Hi, my name is Joybell. I'm a cat and an only child in a peaceful-smelling Christian home. My mom thinks she's human, but I know she's really a cat. Anyway, she says if you look up "scardy cat" in the dictionary, you'll find my picture next to it. I say humans have made God's world very LOUD, and LOUD is scary. Make sure to ring that awful bell if you visit my mom, so I can run upstairs and hide before she can parade me off. Once she let a whole gaggle of noisy humans over, they were talking about God and stuff, and I got trapped behind the washer because my mean mommy shut all the doors and I had no where else to hide.

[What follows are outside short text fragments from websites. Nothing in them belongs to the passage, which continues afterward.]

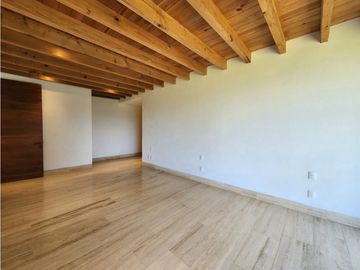 CASA EN VENTA CON VISTA AL LAGO EN VALLE DE BRAVO
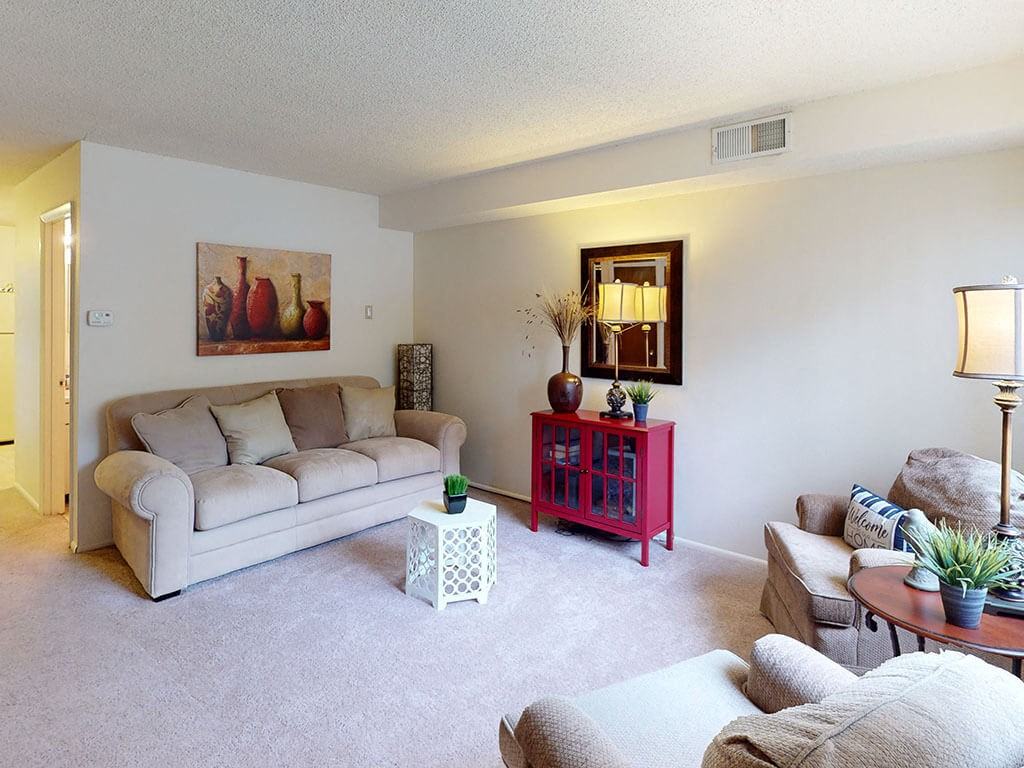 Southwoods - Photo 6 of 104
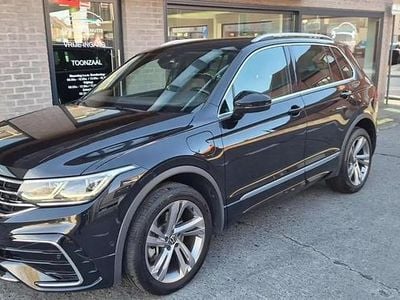 Noir Occasion 2021 VW Tiguan R-line SUV | 32 000 € (Prix juste)
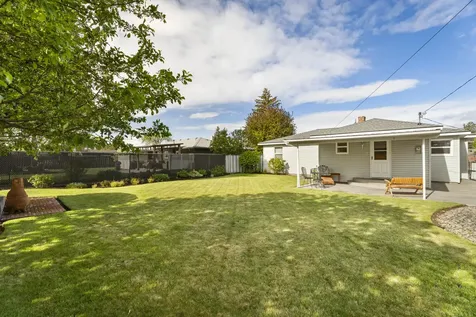 946 SW 13th Street Redmond OR 97756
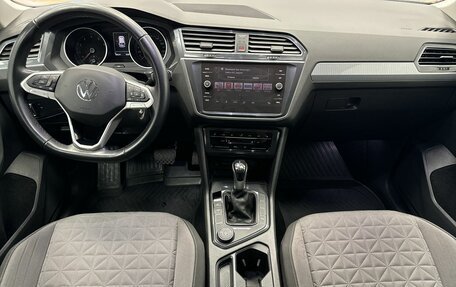 Volkswagen Tiguan II, 2021 год, 3 390 000 рублей, 5 фотография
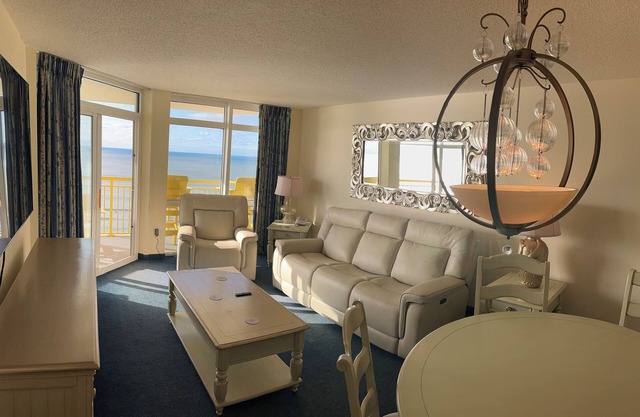 Spacious Oceanfront 2-bedroom Condo in Bay Watch in beautiful North Myrtle Beach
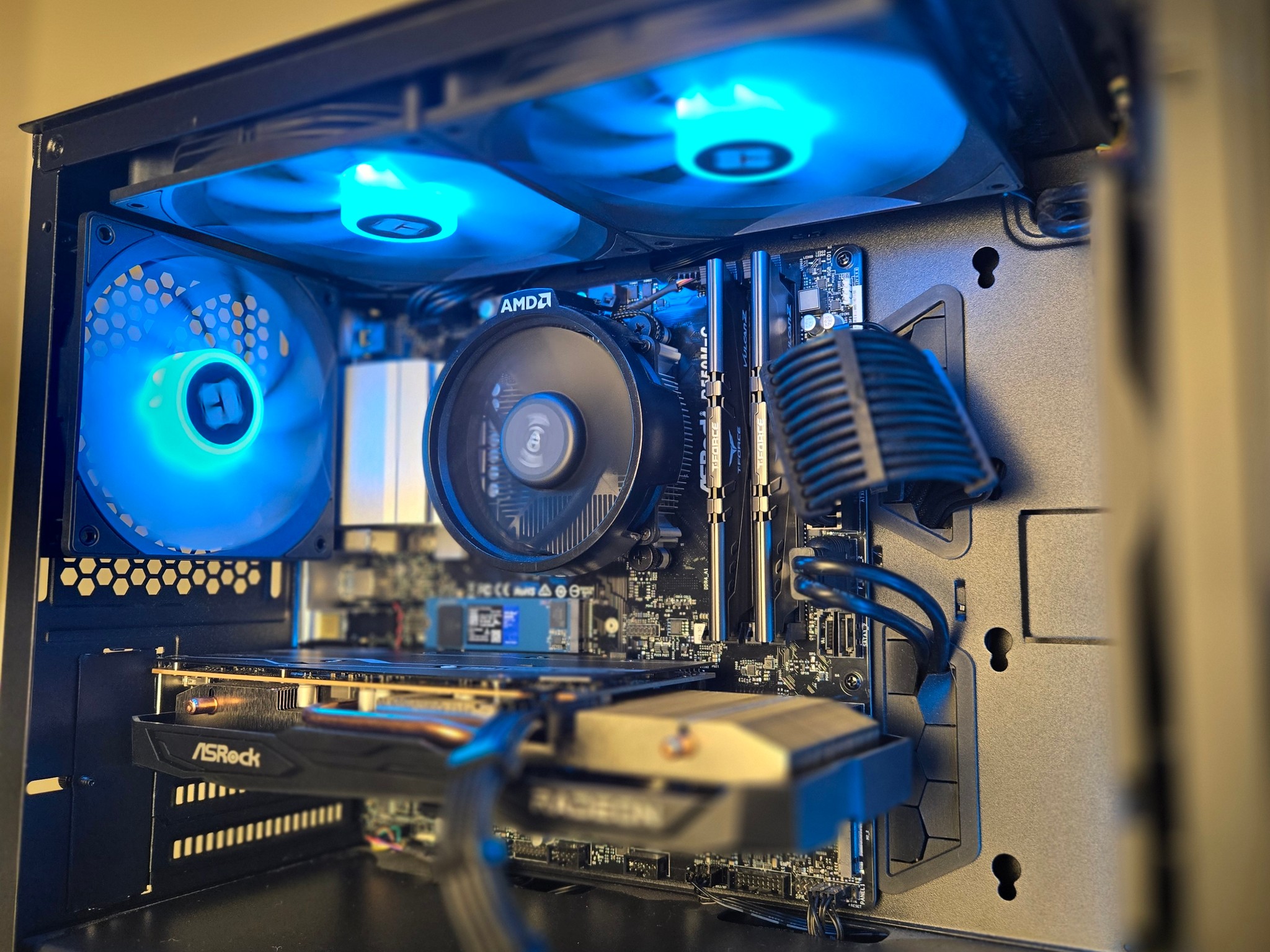 RX 6600 XT | Ryzen 5 5600G | 16gb DDR4 | 512gb Storage👏🏽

Another time she abandoned me forever and ever (okay, a month, but I though she was never coming back at the time) and left me all alone with the Big Scary Man she lives with (Mom just interjected something about them being married, but we don't have that concept in my native tongue, so I'm not sure what the difference is.) I'm not sure I like Big Scary Man. He's big, he's scary, he's LOUD and he doesn't smell like my mom. People who don't smell like mom are dangerous in general, and you don't smell at all, which is even more suspicious, but you're just on this box thingy, and can't hurt me. Big Scary Man, he's not light on his feet like me and mom. I run when I see him coming, lest he step on me. Thankfully, he's gone all day and spends most of his nights on the computer. I don't think Mom appreciates his thoughtfulness as much as I do, though.
Anyway, my mom is a writer. She has an
advice column , and I decided I'd like one of my own, so she directed me to shout life and helped me set this all up. As you can see, I'm not as smart as my mom, so please keep this fun! Oh, and it'd help if you asked about stuff a kitty like me would know about.
If you don't write in, I'll email myself to you and pretend you're a spider (I'm more of a bugger than a mouser.) Okay, I'm kidding. Seriously now, better write in--or I'll be forced to write stuff like, "Ways to Remind a Forgetful Mom to Feed You," "If All Else Fails, Self-Feed," "Why Spiders and Flying Insects are the Funnest" "Worst Cruelties Man Invented" (top of the list: Spray bottles, air horns, and clapping) and "Note to Self: Big Scary Man Doesn't Make a Good Tree"
Oh, Mom wants me to tell you I'm a fictional character she created and not really me. But she's lying! I know it!